Wednesday, June 1, 2011

Climate Change Caused Viking Exit from Greenland: Study

So they got cold, did they? Surely they were made of sterner stuff, or so the histories would have us believe.

Seems the Vikings high-tailed it out of Greenland after the temperature dropped 7 degrees in a handful of generations way back in the 12th Century.

They were living there, and then they weren't. Similar patterns can be found in the 1300s and 1400s as well.

The Vikings arrived in 980, when things were hot all the way round, including on Greenland. The winters were harsh, of course, but the Vikings would have been used to that. Apparently, though, the winters (and the summers) got harsher still, and the result was a mass migration.

Now, the number of Vikings living on Greenland in the 12th Century was nowhere near the current population of New York or Paris, but the settlements were widespread enough to suggest more than a few people sprinkled here and there up and down the coast. So it seems strange that a little bit of cold would convince them to find greener pastures elsewhere.

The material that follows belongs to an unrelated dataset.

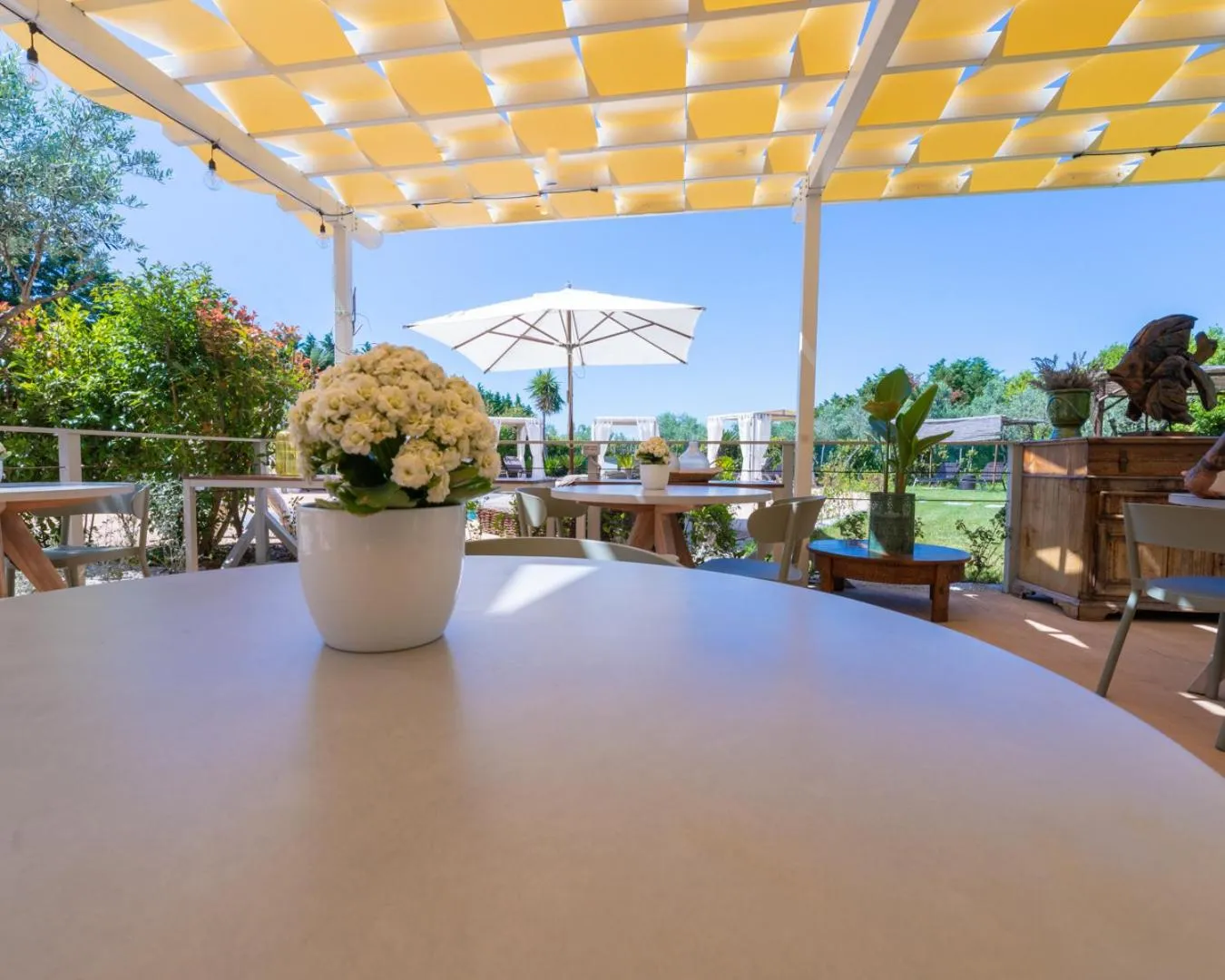 Swimming pool in Relais San Baio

We just don't know a whole lot about this time in history, mainly because the protagonists in our Little Ice Age story weren't all that good at writing things down and leaving them behind for future generations to find an decipher. We can guess, surely, but where does that get us?

The people doing the guessing — sorry, the educated speculating are from Brown University and have published a study in the journal Proceedings of the National Academy of Sciences. The study's findings will no doubt be discussed and dissected for years to come.

The study suggests, actually, that the shift in temperatures downward affected the land and its ability to grow crops and support livestock. Not having enough food is certainly more of a reason that Vikings would abandon their Greenland outposts. It also lets the Norsemen off the hook in terms of having to answer an uncomfortable question.